François Vatel

Monsieur François Vatel (1631-1671) is considered a famous French chef and was in the service of the Prince of Condé. As chef and organiser of presentation and performance (today's term: serving master / master of ceremonies), he was responsible for the aristocratic banquets. In addition to opulent serving, this also included show performances and themed meals with fireworks and artistic background music.

François Vatel had special jugs and plates made of clay bearing the coats of arms of guests at the court of the Bourbons as early as around 1670 - around 100 years before the discovery of Limoges porcelain around the town of Haute-Vienne (France). According to records, he himself influenced the shape of the hollow and flat parts in order to achieve a special function for the presentation and to enable easy covering by stacking the dishes.

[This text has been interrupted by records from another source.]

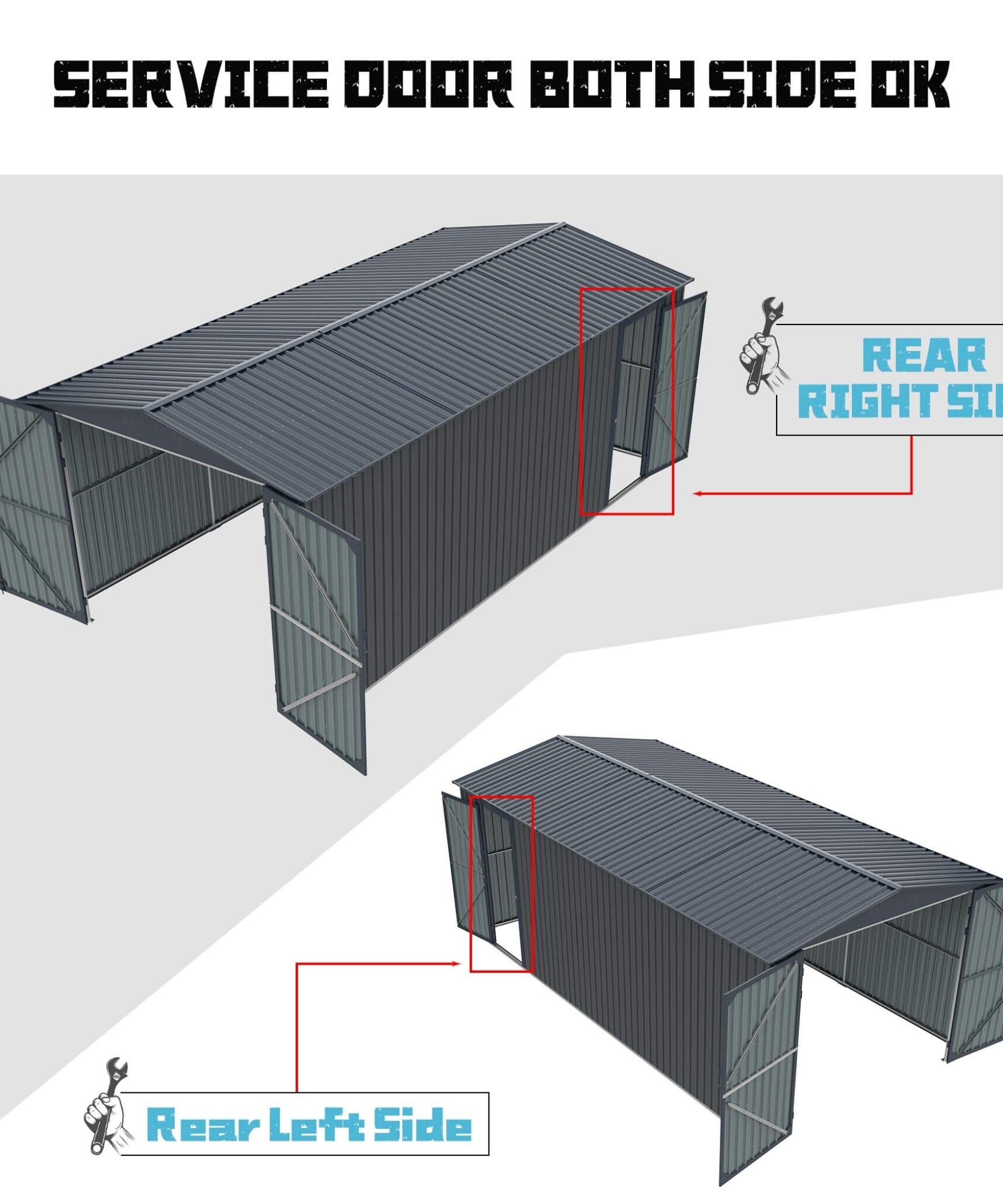 [13X20FT] Alora Extra-Large Premium Weather-Resistant Outdoor Multi-Purpose Utility Storage Shed (SAK84920)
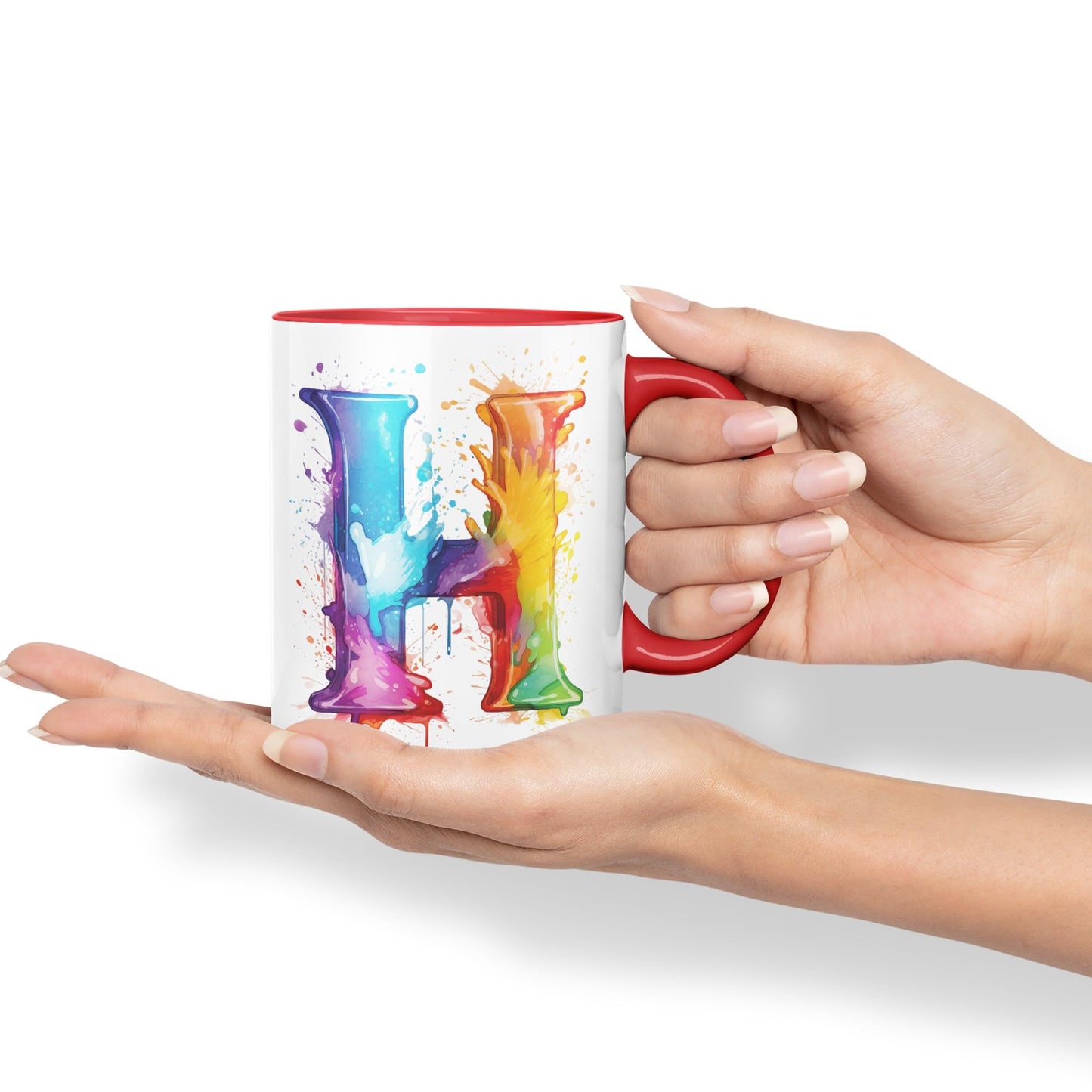 Letter H mug, Alphabet Letter H Monogram watercolour Ceramic Coloured Mug Cup for Tea Coffee Hot brew 330ml 11Oz Gift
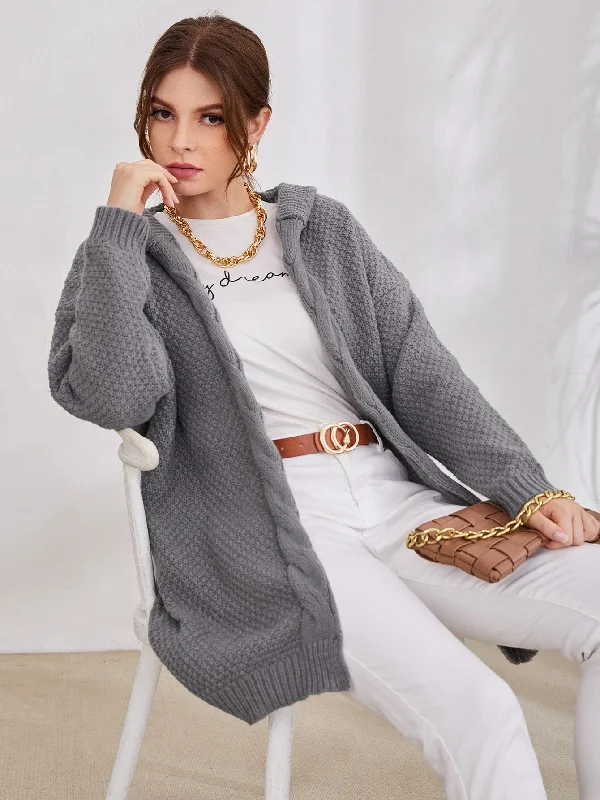 Casual Plain Long Sleeve Hooded Short Women Cardigan Polished Women's Silk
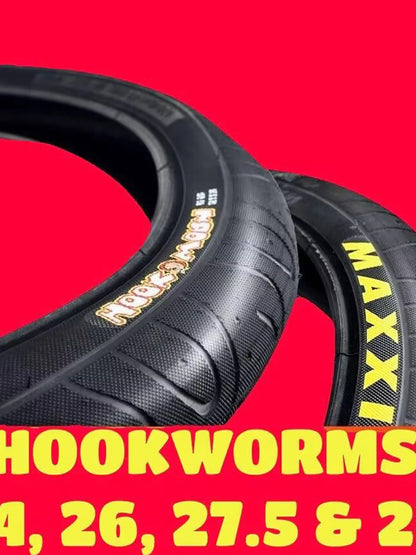MAXXIS Hookworm BMX Bike Tire – 26x2.5 Wire Bead Clincher for Street, Park & Flatland, Multiple Sizes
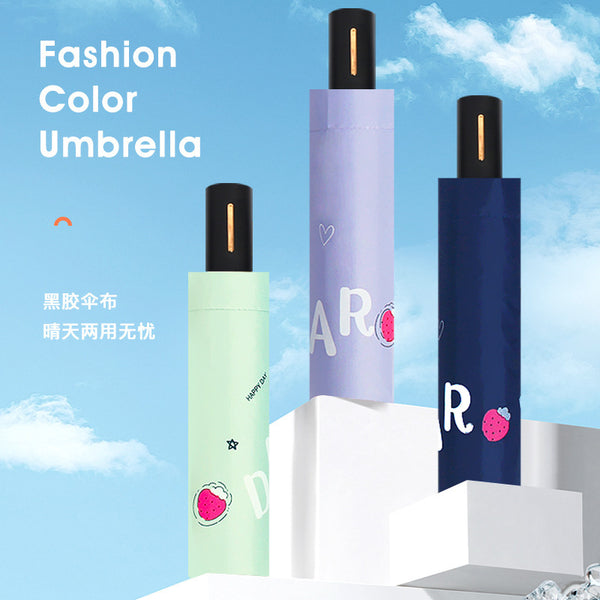 Umbrella Wholesale Fruit Strawberry Sun Umbrella Sunshine and Rain Outdoor Shading and Sunscreen Creative Gifts Cartoon Folding Umbrella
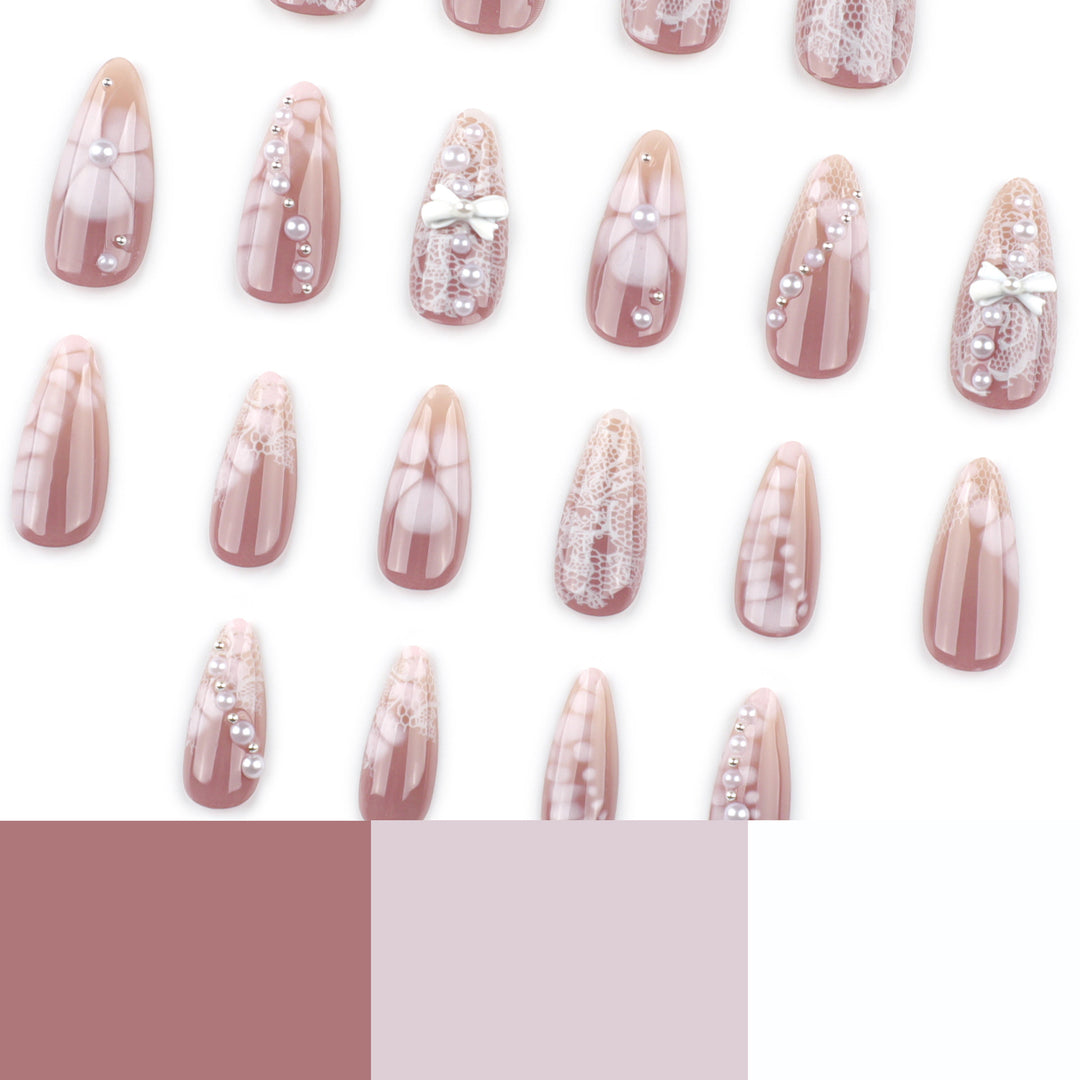 Artful Nail Extensions with Delicate Accents Stornfield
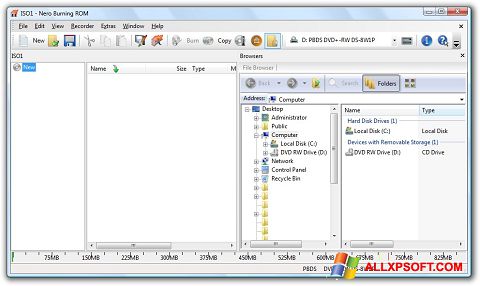 ภาพหน้าจอ Nero Burning ROM สำหรับ Windows XP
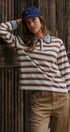 Striped Long Sleeve Polo with Knit Band Collar in IVORY BROWN - Women's TOPS | Urban Daizy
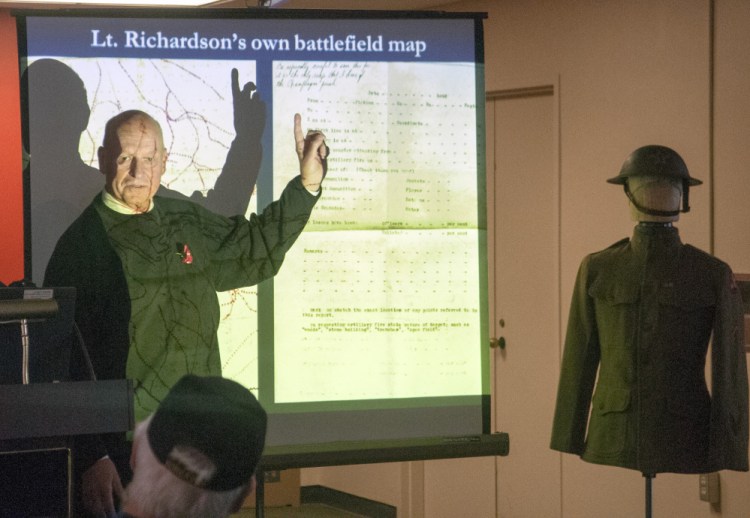 Retired historian Richard Colton gives a talk on World War I on Saturday in the Cultural Building in Augusta.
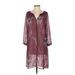 Lucky Brand Casual Dress - Shift V Neck 3/4 sleeves: Burgundy Print Dresses - Women's Size Small - Print Wash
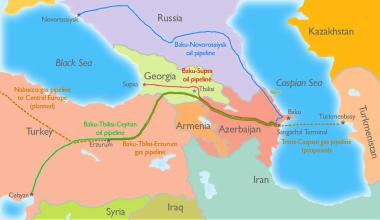 En vert le pipeline Baku-Tbilisi-Ceyhan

After the great feast in honour of King Louis XIV in 1671, Vatel took his own life because he had not succeeded in the art of presentation in such a way as to win the praise of the Sun King. As an F&B manager today, one would realise that the budget for this banquet, estimated at 600,000 Écu for 3,000 participants, required a goods-optimised calculation and thus price and performance were in harmony! At all the courts of the nobility in Eastern, Central and Southern Europe, high-quality porcelain matured into the element of presentation for large banquets and festive tables.

 


 

Restoration & Porcelain

(Image rights: Wikipedia)

With the French Revolution, the unlimited spending spree of the tax-paying nobility and royal court came to an end, and chefs had to find new sources of income. They opened restaurants that catered to the wealthy bourgeoisie.

Therefore, in the 19th century, French culinary art recovered from revolution and crises. The rising bourgeoisie gradually democratised cuisine as well, with successes and setbacks. During many decades, the most famous chefs often came from France. Bocuse, the Troisgros brothers and Marc Haeberlin, for example, were all students of Fernand Point. 

They propagated a cuisine that transformed fresh, high-quality food from the regions of their own country into refined, well-arranged, tasty table delights. Nouvelle cuisine was based on similar ingredients to diet cuisine: vegetables, steamed meat, little fat. Students of Bocuse - such as Eckart Witzigmann - also spread this doctrine in Germany. With the Biedermeier era around 1815, porcelain began to make its way into the bourgeois social classes in Europe and only experienced its triumphal march onto the tables of all estates and income classes late after the Second World War.

Our realisation stems from this historical insight: porcelain is a tool of the kitchen.